Hai collaborato con artisti come Vinicio Capossela e Gianna Nannini. Cosa porti oggi di queste esperienze nella tua musica?
«Mi hanno insegnato a non pormi limiti. A volte, venendo da un contesto culturalmente non altissimo, rischiamo di metterci da soli dei freni. Ho imparato invece che bisogna osare, anche a costo di sbagliare. Da qualche anno suono la chitarra battente senza più barriere: per me una tarantella calabrese può dialogare con la musica gnawa del Marocco. Con Vinicio ho imparato molto: lui ascoltava la nostra musica con entusiasmo e rispetto. Questo lo abbiamo visto anche all’estero, in Germania, Spagna, Francia, dove c’è grande considerazione per le nostre tradizioni popolari. Tutto questo mi ha spinto ad osare sempre di più, anche a costo di sembrare “scomodo”».

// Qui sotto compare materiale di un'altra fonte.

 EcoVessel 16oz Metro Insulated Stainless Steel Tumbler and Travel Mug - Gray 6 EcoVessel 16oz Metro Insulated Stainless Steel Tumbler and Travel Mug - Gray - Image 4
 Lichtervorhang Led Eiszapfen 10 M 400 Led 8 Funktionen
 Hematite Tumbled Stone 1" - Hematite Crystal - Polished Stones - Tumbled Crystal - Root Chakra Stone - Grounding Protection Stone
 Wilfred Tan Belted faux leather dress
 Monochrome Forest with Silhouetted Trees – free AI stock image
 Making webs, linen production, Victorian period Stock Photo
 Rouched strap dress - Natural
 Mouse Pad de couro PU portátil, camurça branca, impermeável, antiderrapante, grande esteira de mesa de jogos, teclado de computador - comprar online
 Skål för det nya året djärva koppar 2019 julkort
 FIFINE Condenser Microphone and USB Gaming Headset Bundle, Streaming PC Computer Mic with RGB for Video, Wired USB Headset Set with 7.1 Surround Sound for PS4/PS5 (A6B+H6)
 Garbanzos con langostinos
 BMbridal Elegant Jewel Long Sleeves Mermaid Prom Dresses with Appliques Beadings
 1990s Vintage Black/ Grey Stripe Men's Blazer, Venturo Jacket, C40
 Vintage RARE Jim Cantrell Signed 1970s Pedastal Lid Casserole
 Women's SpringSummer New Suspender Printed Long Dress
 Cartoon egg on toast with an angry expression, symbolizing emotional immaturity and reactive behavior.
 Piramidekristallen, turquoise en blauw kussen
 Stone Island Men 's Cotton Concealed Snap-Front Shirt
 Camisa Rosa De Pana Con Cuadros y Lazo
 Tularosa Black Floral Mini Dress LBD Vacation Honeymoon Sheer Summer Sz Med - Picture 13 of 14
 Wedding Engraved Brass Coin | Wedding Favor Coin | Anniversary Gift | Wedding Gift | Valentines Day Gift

Sei profondamente legato alla Calabria. Quanto continua a influenzare il tuo modo di comporre e di suonare?
«Tantissimo. Ogni cosa che scrivo porta con sé una parte viva della mia terra: le feste di San Rocco, le feste patronali, le sagre… Amo tutto ciò che è popolare, perché è del popolo. Nonostante i miei viaggi in giro per il mondo, la Calabria resta sempre parte fondamentale della mia vita. Anzi, quando penso a un nuovo brano, lo immagino in dialetto calabrese, nella mia testa».
E per chiudere: come descriveresti il concerto del 21 agosto a Soverato? Cosa deve aspettarsi il pubblico?
«Il pubblico deve aspettarsi un sound completamente rinnovato. Con me ci saranno musicisti provenienti da altri mondi musicali: Tonino Palamara, batterista jazz, che in questo progetto suona cajón e percussioni, e Antonio Cusato Quel, chitarrista jazz con lunga esperienza in Germania, qui al basso acustico. Il risultato è un suono originale, aperto, senza limiti di genere. È da qui che nasce anche il nome del progetto, Cotrà: una parola calabrese che evoca confidenza e complicità, proprio quella che cerchiamo sul palco. Sarà un concerto pieno di sperimentazioni: si passerà dal jazz al rock, dal blues alla world music, a conferma che la chitarra battente non ha confini».